Of course, we receive feedback from U.S. fans. Surveys, and stuff like that. We always try to respond to their questions and listen to their opinions. In the arcade version, for example, you'll see that one of the player characters is Giorgio, and we received U.S. fan letters from fans who are women, who are really, really big fans of Giorgio.
You have to release the controller alongside the game, and, as you said, it increases the price. Can you give me your thoughts on how that affects the decision to start development of a home version?
The difficulty that we had in developing the Guncon 3 is that we had to have a certain balance in the quality, the price, and the design of the Guncon 3, as well as the quality of the game itself. And, also, the accuracy of the gun sights.
For example, if we need to make Guncon 3 much cheaper, then we have to reduce the number of buttons -- but if we do that, then it becomes hard for us to develop future titles that use the Guncon 3. Having more buttons means having more development possibilities for future titles.
Did you have to design it differently to work with a high definition TV set, as opposed to a standard definition TV set?
For the Guncon 1 and 2, those controllers are capturing the flashes from the standard definition TV, however, that method is not compatible with the latest high definition plasma and LCD monitors. So that is one of the reasons that we had to create a new Guncon. And, do work with all different kinds of monitors, we decided to introduce new LED markers - basically for Guncon 3 there is a little camera here [indicates the barrel of the gun] which is catching the position of the LED markers.
Is it similar to the sensor bar from the Wii?
Basically it is the same, but Guncon 3's LED markers are actually much more accurate. Much better than Nintendo Wii's controller. In the Wii, there are only two LED points, but for the Guncon 3 there are six LED points, so it is more accurate than the Wii. The PlayStation 3 will be able to recognize the tilt of the Guncon 3, its distance from the monitor, and these things cannot be done with the Wii system.

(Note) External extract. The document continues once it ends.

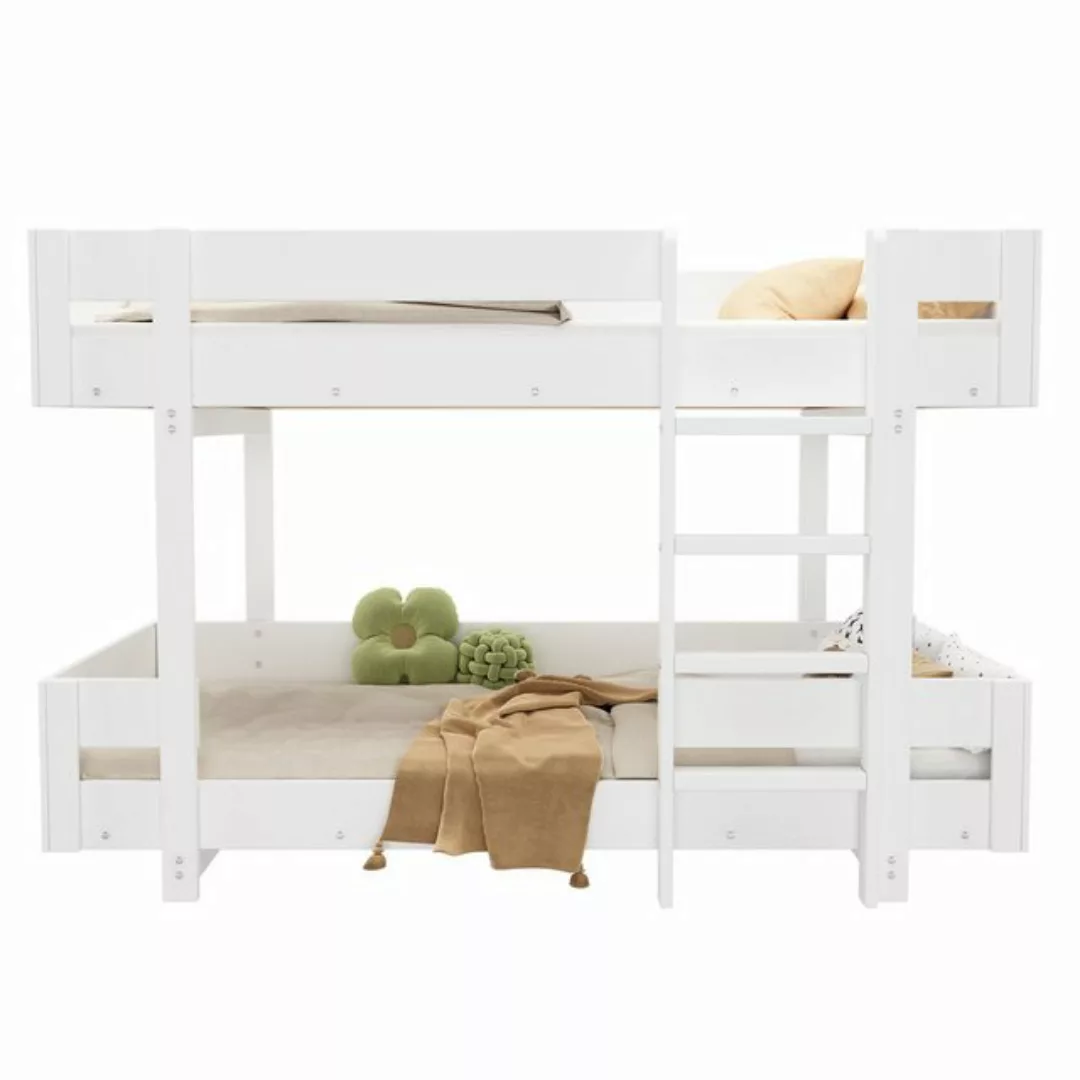 Celya Etagenbett Kinderbett Doppelbett 90x200cm, mit Treppe, Weiß günstig online kaufen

So the gun has SIXAXIS capabilities as well?
Interesting. Now, one thing that I want to ask about is the fact that you're making a PS3-exclusive game. Right now, what do you think of the PlayStation 3's market, in Japan, America, and Europe?
We are sure that the PlayStation 3 market is still growing. This applies not only to Japan, but also to Europe and the United States. We plan to release new titles for the PlayStation 3 and we are sure that some of the titles will work with the Guncon 3.
By the way, currently we are looking for other publishers to make titles for Guncon 3. I know that the number of titles which work with Guncon 3 is not enough for consumers, and we definitely need more titles that work with Guncon 3. As you can see, we only have Time Crisis 4!
That's kind of interesting. For Guncon 1, there were several games from other developers. But for Guncon 2, were there any games by a third party?
Sega's Vampire Night, and Resident Evil: Dead Aim, by Capcom...
But now they're doing Umbrella Chronicle for Wii, so...
Ah, yeah. Well, we are asking all publishers, whether it's Capcom, Sega, Konami, etc, whether they have any titles that they'd have a chance to develop for Guncon 3. And by making Time Crisis 4, we are trying to show other publishers that FPS titles can work with the Guncon 3. We definitely want other publishers to create FPS titles that work with Guncon 3! But we have not yet received any official feedback from those companies at this moment.
The Nintendo Wii has shown that there can be a new gaming control system. In the case of the PlayStation 3, we haven't seen that kind of stuff. We have only seen high definition graphics -- it's only an updated version of the PlayStation 2. And we know that a lot of consumers are a little bit bored with that kind of stuff, so we are trying to show a new style of game playing with the Guncon 3.